“I saw her as an English archetype,” he continued. “Like a parody of a 1950s suburban housewife crossed with a dominatrix, the mirror image of Margaret Thatcher.”
Ms Mooney, he said, was a figurehead for a generation of disaffected teenagers during the grim Thatcher years. She was heroic in a way, a superhuman and quite fantastical creation of her own making, an Amazon to kick the pale and wimpy Twiggy types who had gone before her to the limit. Ms Mooney said she saw herself as a walking art project and, like her punk sisters, was liberated by the idea that women could be threatening. Punk, anarchic but unisex, was a great equalizer.
ms. Mooney also worked as a manager and stylist for the glam punk band Adam and the Ants. She also often performed with them, yelling a song called “Lou,” a critique of Lou Reed that she wrote after being disappointed by one of his shows.
She was a muse to filmmaker Derek Jarman, appearing memorably in his campy punk allegory “Jubilee” (1978), dancing to pointe in a fluffy “Swan Lake” tutu in a rough back yard, before a bonfire in which the Union Jack hisses.

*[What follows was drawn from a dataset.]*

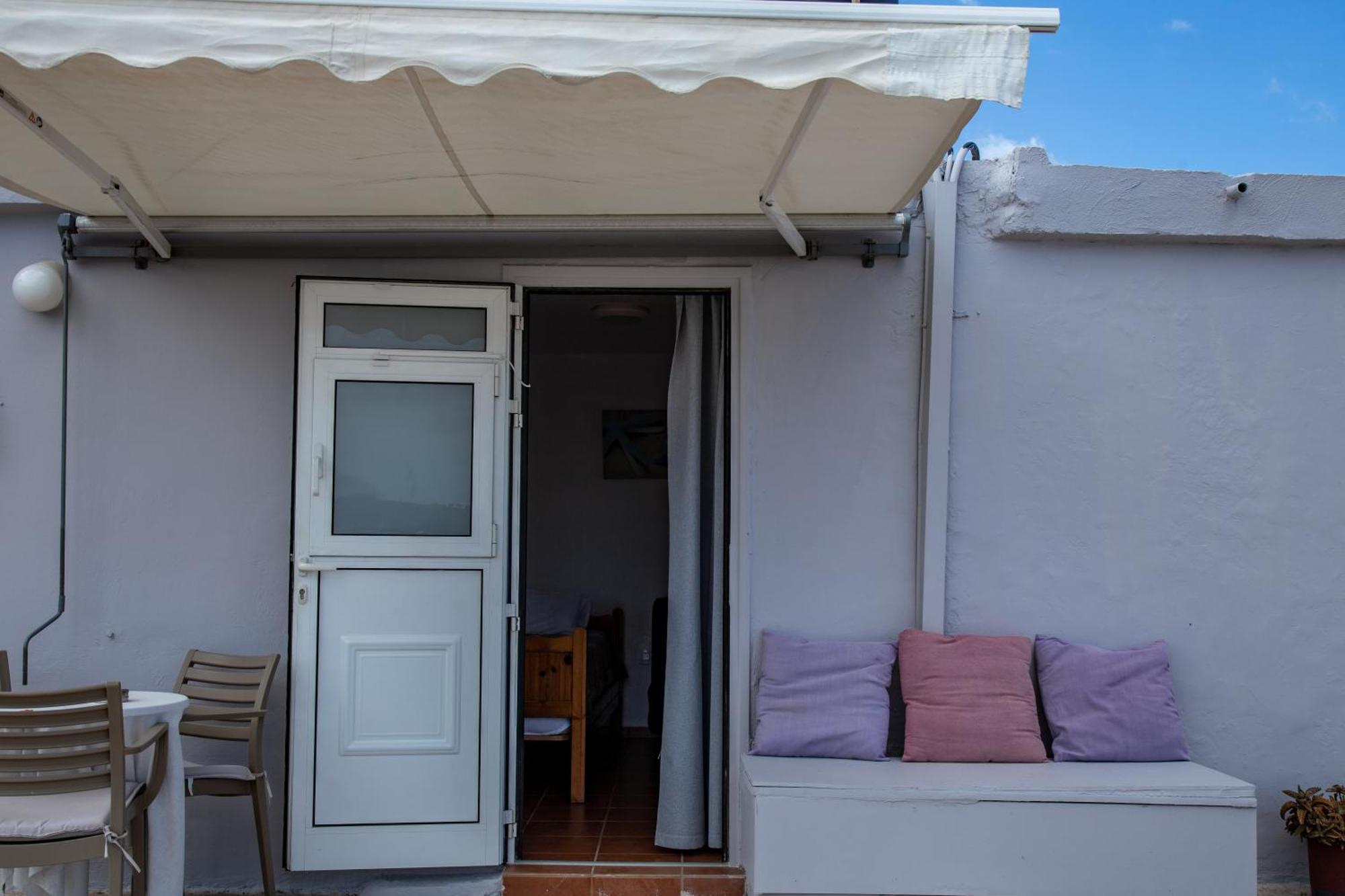 Nefeli Rooms Agia Marina  Ngoại thất bức ảnh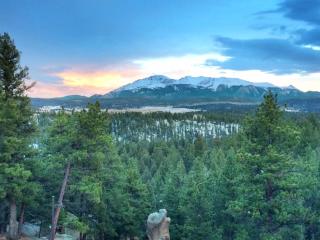 Pikes Peak Paradise Bed and Breakfast - 0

Mr Jarman filmed her 1981 marriage to Kevin Mooney, who was briefly the bassist for the Ants. She was 26 and Mr. Mooney 18, and when Mrs. Westwood heard the news, she fired her. (The shop, which had been renamed Seditionaries in 1976, was known at the time as World’s End.) The marriage, Ms. Westwood felt, was an awkward civil construct, and for Ms. Mooney to step into it was an unforgivable transgression of philosophy. of the shop and Mrs. Westwood’s own beliefs.
The marriage was not a happy one, marked by the couple’s heroin habits — Mr Mooney at one point sold her clothes and once threw her kitten against a wall — and Mrs Mooney escaped after two years. She detoxed on her own, at her parents’ house in Seaford, and told them she had the flu. She stayed in her hometown and reinvented herself as a Burmese cat breeder and vet nurse.